Tacotron-pytorch
A Pytorch Implementation of Tacotron: End-to-end Text-to-speech Deep-Learning Model
Implement google's Tacotron TTS system with pytorch.
Updates
2018/09/15: Fix RNN feeding bug.
Requirements
Download python and pytorch by youself.
- python==3.6.5
- pytorch==0.4.1
You can use requirements.txt to download packages below.
# I recommend you use virtualenv.
$ pip install -r requirements.txt
- librosa
- numpy
- pandas
- scipy
- matplotlib
Usage
-
Data
Download LJSpeech provided by keithito. It contains 13100 short audio clips of a single speaker. The total length is approximately 20 hrs. -
Set config.
# Set the 'meta_path' and 'wav_dir' in `hyperparams.py` to paths of your downloaded LJSpeech's meta file and wav directory.

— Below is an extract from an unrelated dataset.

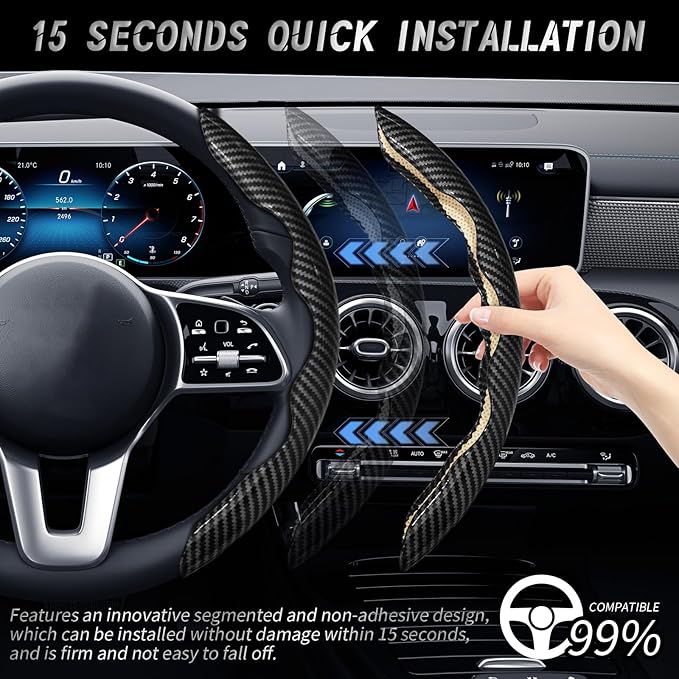 WOCOCN 2pcs Car Steering Wheel Cover,Anti-Skid Carbon Fiber Steering Wheel Protector for Men Women,Multiple Color Options,Universal for Most Car Interiors Accessories (Bright Black)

meta_path = 'Data/LJSpeech-1.1/metadata.csv'
wav_dir = 'Data/LJSpeech-1.1/wavs'
- Train
# If you have pretrained model, add --ckpt <ckpt_path>
$ python main.py --train --cuda
- Evaluate
# You can change the evaluation texts in `hyperparams.py`
# ckpt files are saved in 'tmp/ckpt/' in default
$ python main.py --eval --cuda --ckpt <ckpt_timestep.pth.tar>
Samples
The sample texts is based on Harvard Sentences. See the samples at samples/
which are generated after training 200k.
Alignment
The model starts learning something at 30k.
Differences from the original Tacotron
- Data bucketing (Original Tacotron used loss mask)
- Remove residual connection in decoder_CBHG
- Batch size is set to 8
- Gradient clipping
- Noam style learning rate decay